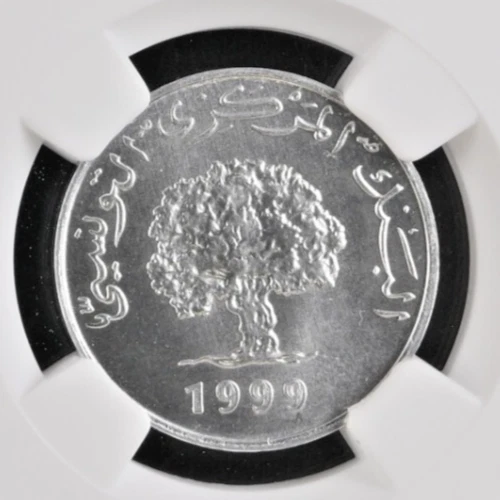 1999 Tunisia 1 Millim FAO KM-349 NGC MS66 – Rare Key Date, Low Pop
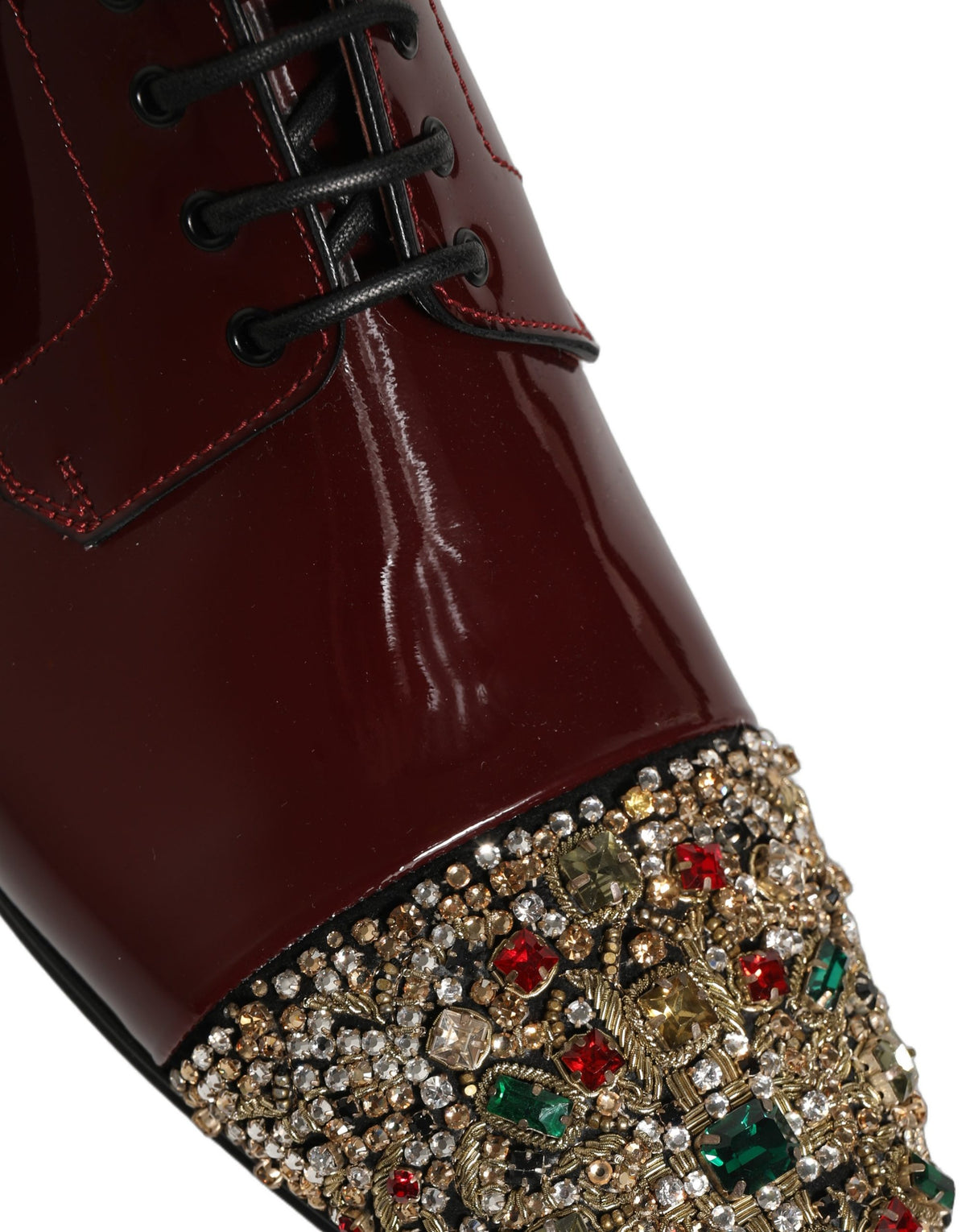 Maroon Embellished Derby Dress Formal Shoes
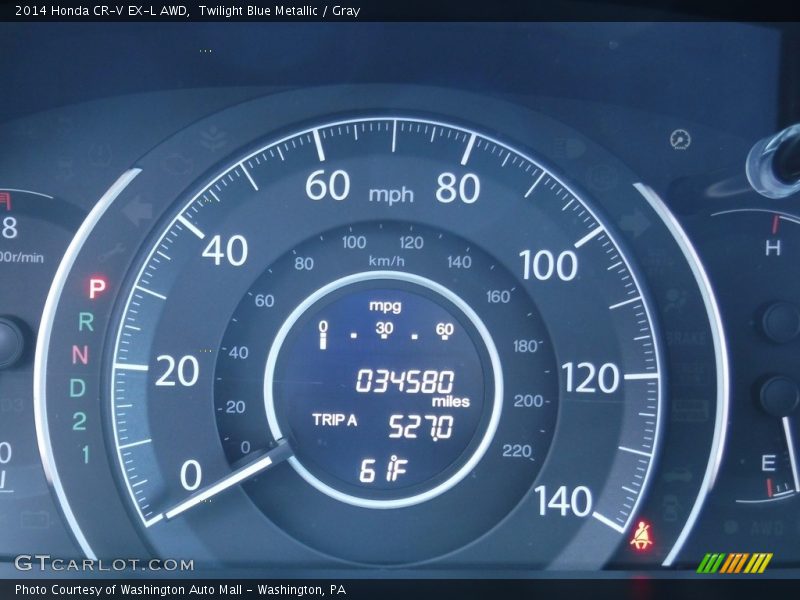 Twilight Blue Metallic / Gray 2014 Honda CR-V EX-L AWD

◆ Problem to solve ◆
Now write out the data word for word, skipping every picture in it.

◆ Result of this task ◆
 1999 Tunisia 1 Millim FAO KM-349 NGC MS66 – Rare Key Date, Low Pop
 Maroon Embellished Derby Dress Formal Shoes
 Twilight Blue Metallic / Gray 2014 Honda CR-V EX-L AWD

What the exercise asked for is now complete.